What you should do: Skip all pictures, then copy the lines from the start of the data through the line with "Pojemność baku Seat", keeping both ends.
-- Opening Marker --
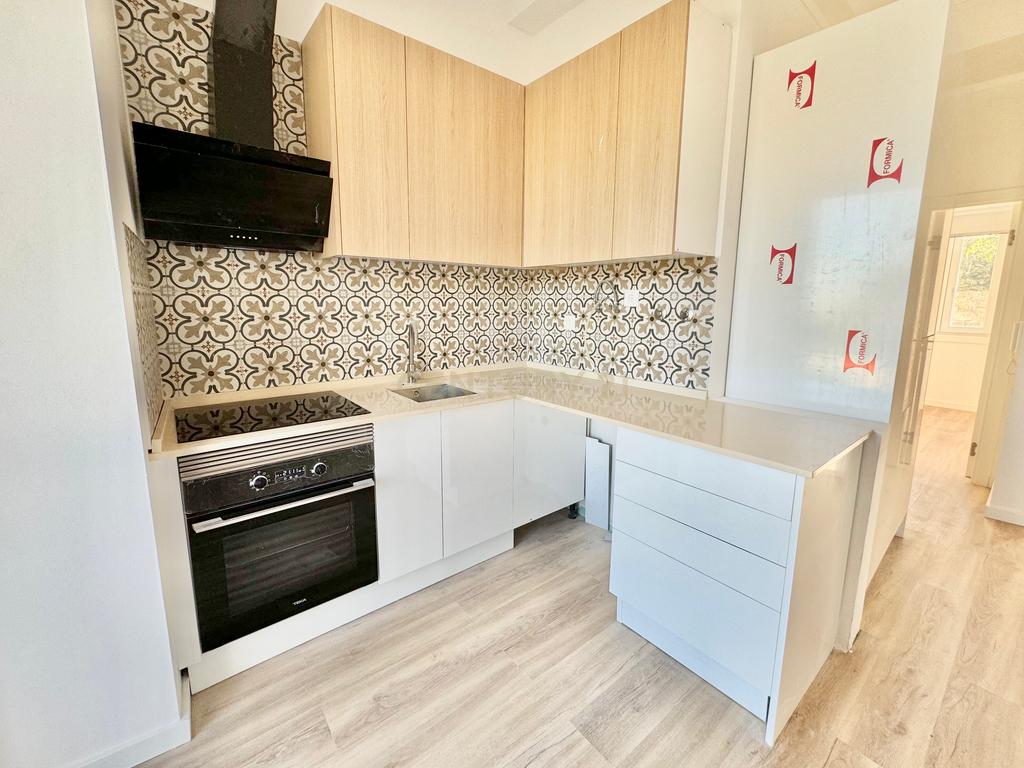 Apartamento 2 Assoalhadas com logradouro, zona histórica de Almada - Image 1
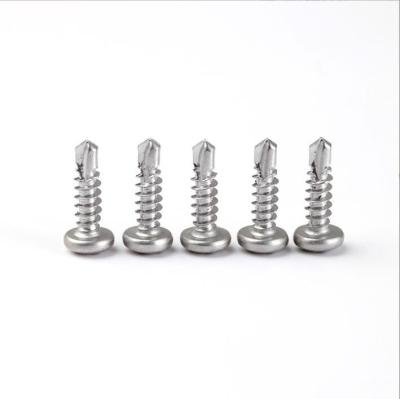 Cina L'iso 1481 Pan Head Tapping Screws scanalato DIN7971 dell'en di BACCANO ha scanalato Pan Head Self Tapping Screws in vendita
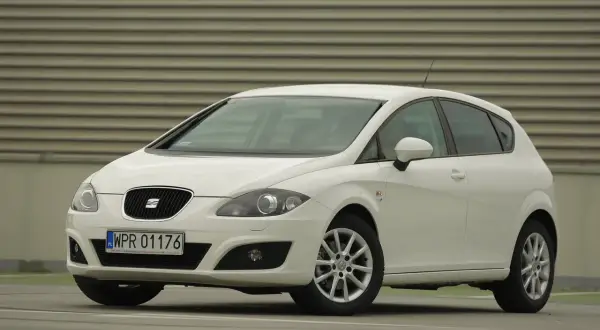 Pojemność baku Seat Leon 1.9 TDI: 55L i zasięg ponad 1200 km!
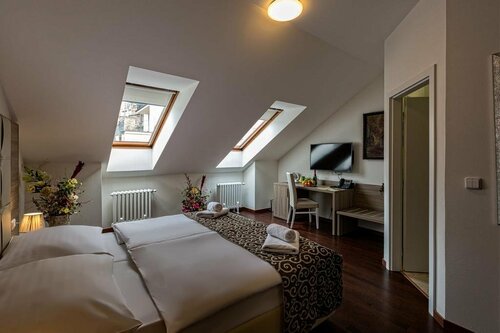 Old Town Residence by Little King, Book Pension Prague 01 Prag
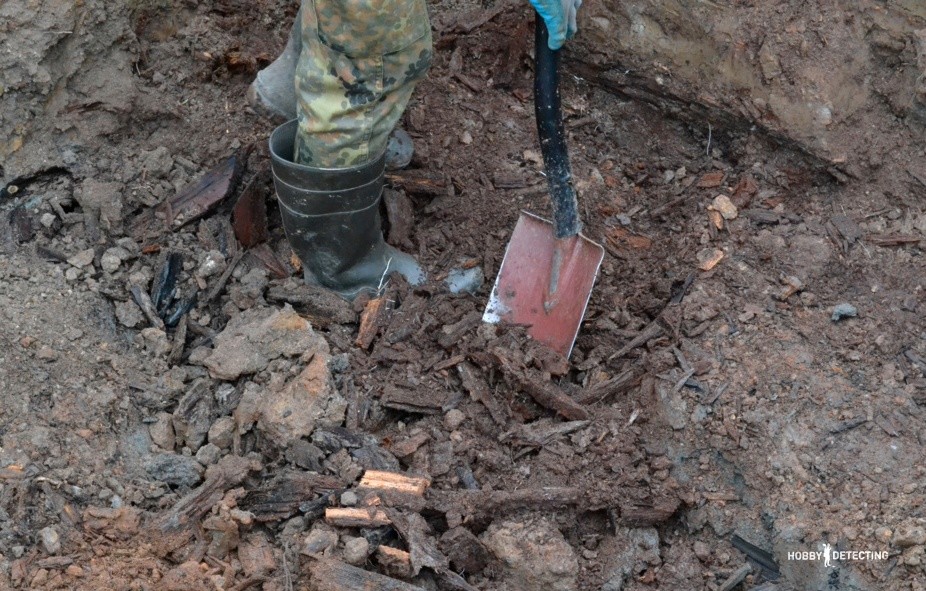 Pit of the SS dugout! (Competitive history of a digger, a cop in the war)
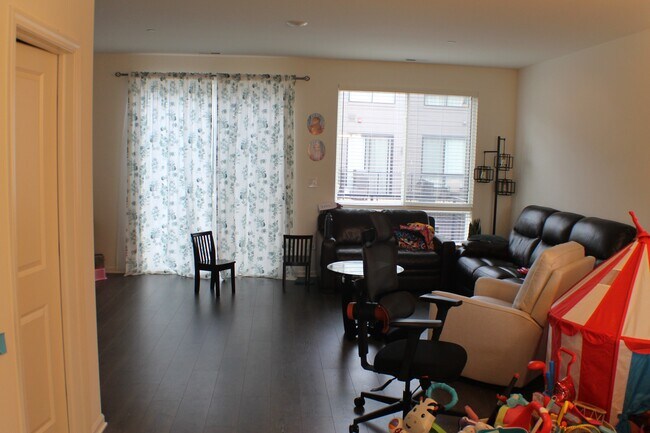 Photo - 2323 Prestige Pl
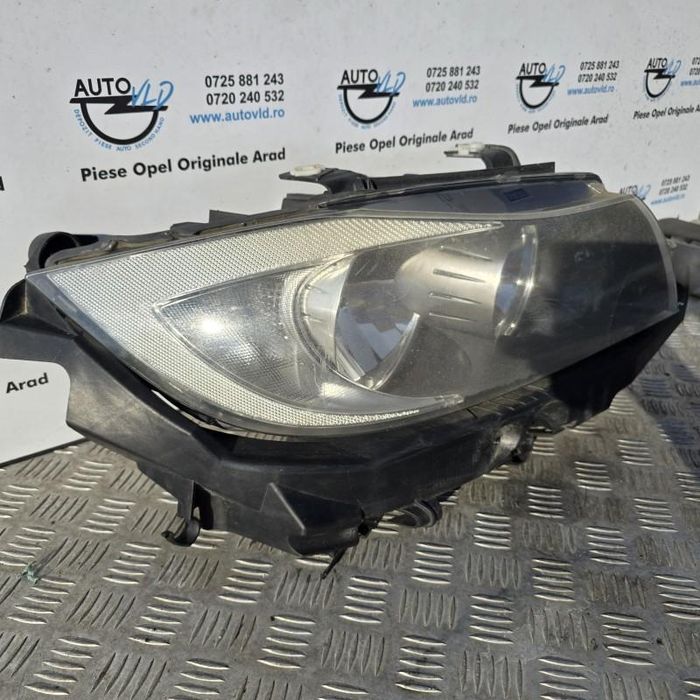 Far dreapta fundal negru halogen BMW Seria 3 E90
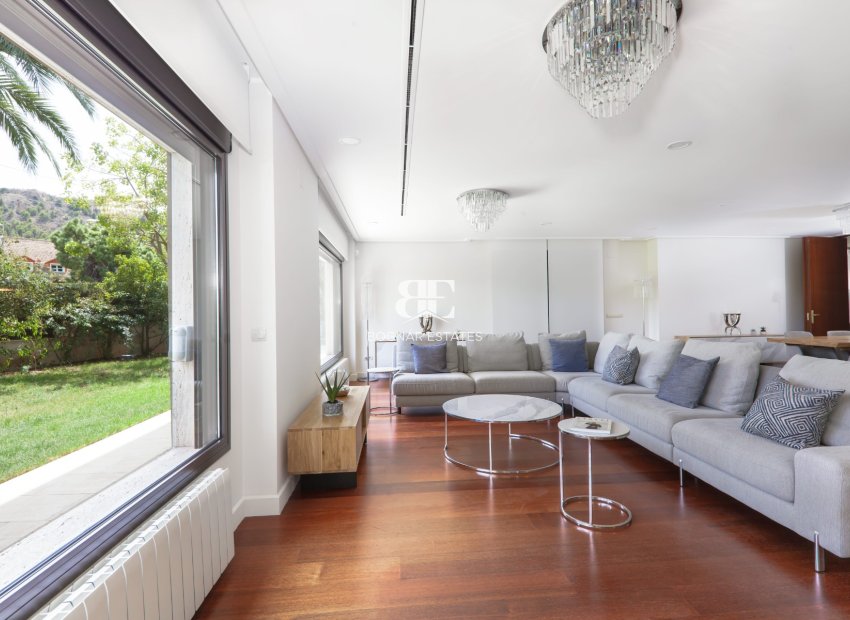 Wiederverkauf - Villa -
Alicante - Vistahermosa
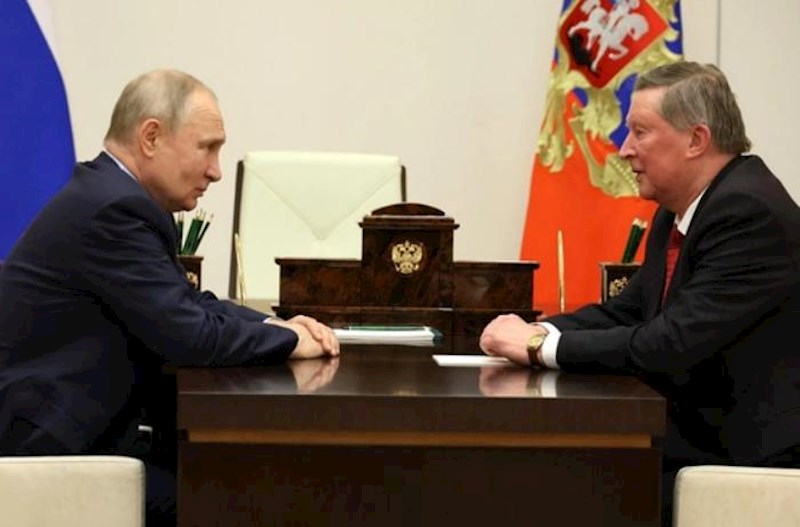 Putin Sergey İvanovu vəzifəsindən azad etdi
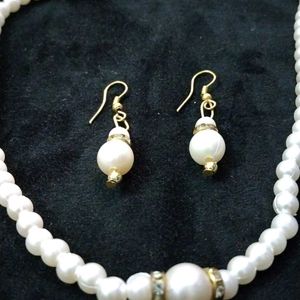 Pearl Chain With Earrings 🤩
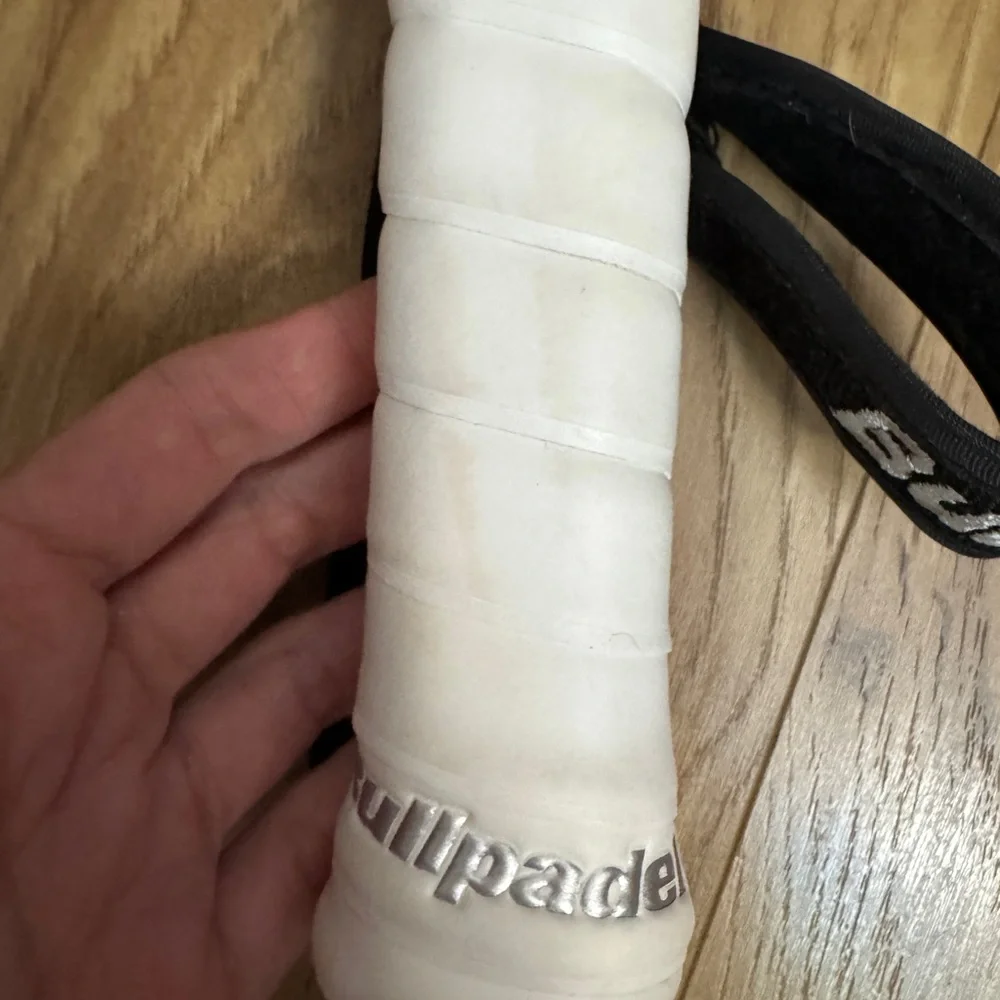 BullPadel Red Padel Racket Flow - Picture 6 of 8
-- Closing Marker --
Answer to the problem:
 Apartamento 2 Assoalhadas com logradouro, zona histórica de Almada - Image 1
 Cina L'iso 1481 Pan Head Tapping Screws scanalato DIN7971 dell'en di BACCANO ha scanalato Pan Head Self Tapping Screws in vendita
 Pojemność baku Seat Leon 1.9 TDI: 55L i zasięg ponad 1200 km!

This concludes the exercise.